■ Exercise ■
From the material below, copy exactly the lines beginning with the one that contains "istock Woman working at home 1218060609" and ending with the one that contains "The reverse of"; the pictures stay out.

■ Data extract ■
·····

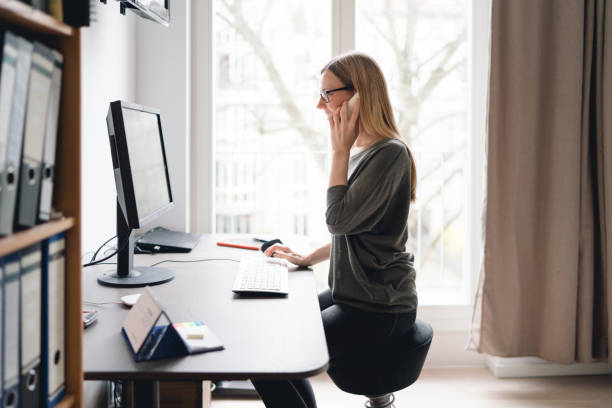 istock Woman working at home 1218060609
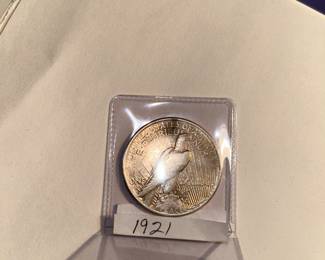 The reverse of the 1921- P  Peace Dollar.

·····

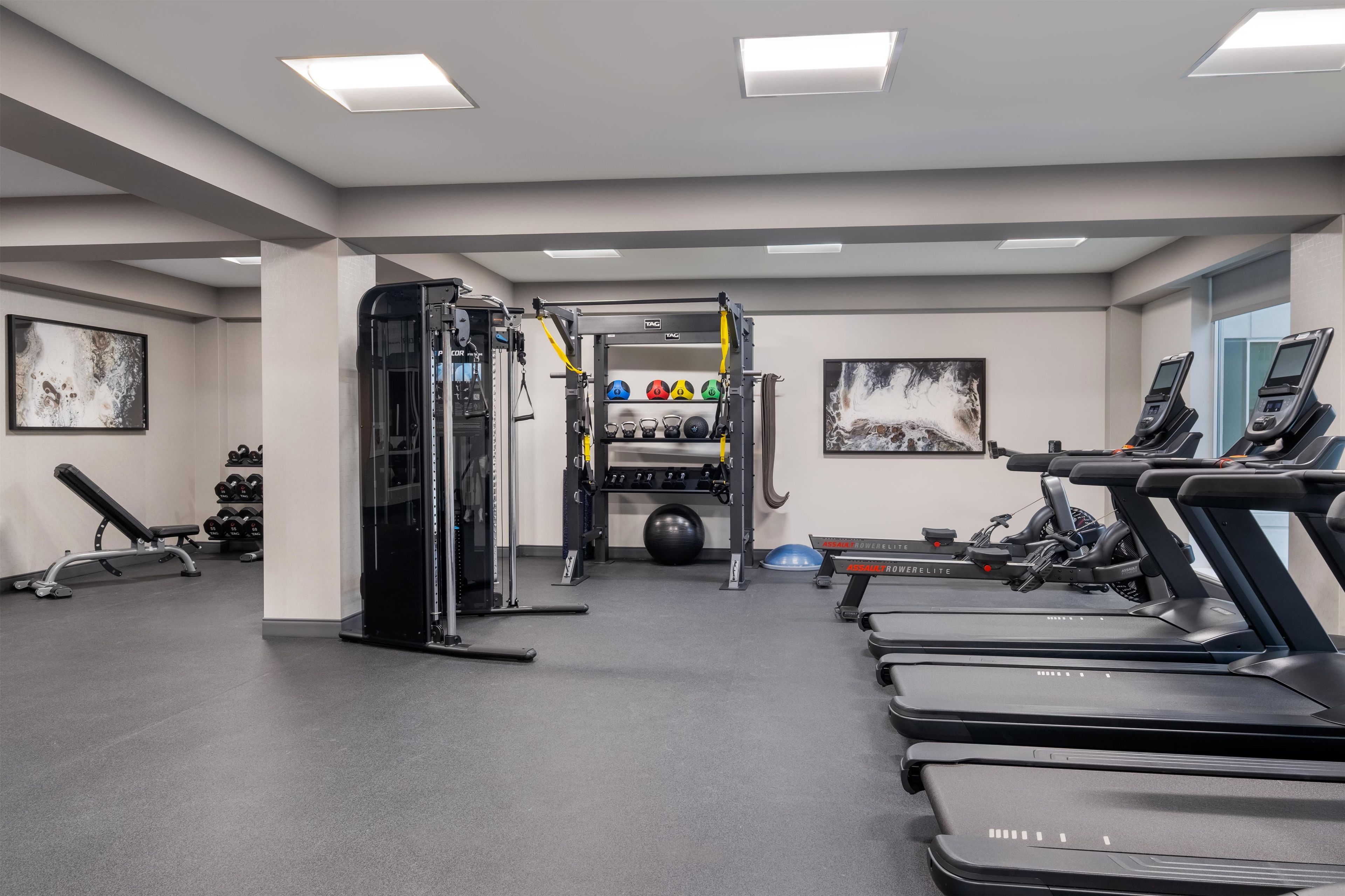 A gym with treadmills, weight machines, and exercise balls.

·····

■ Response ■
 istock Woman working at home 1218060609
 The reverse of the 1921- P  Peace Dollar.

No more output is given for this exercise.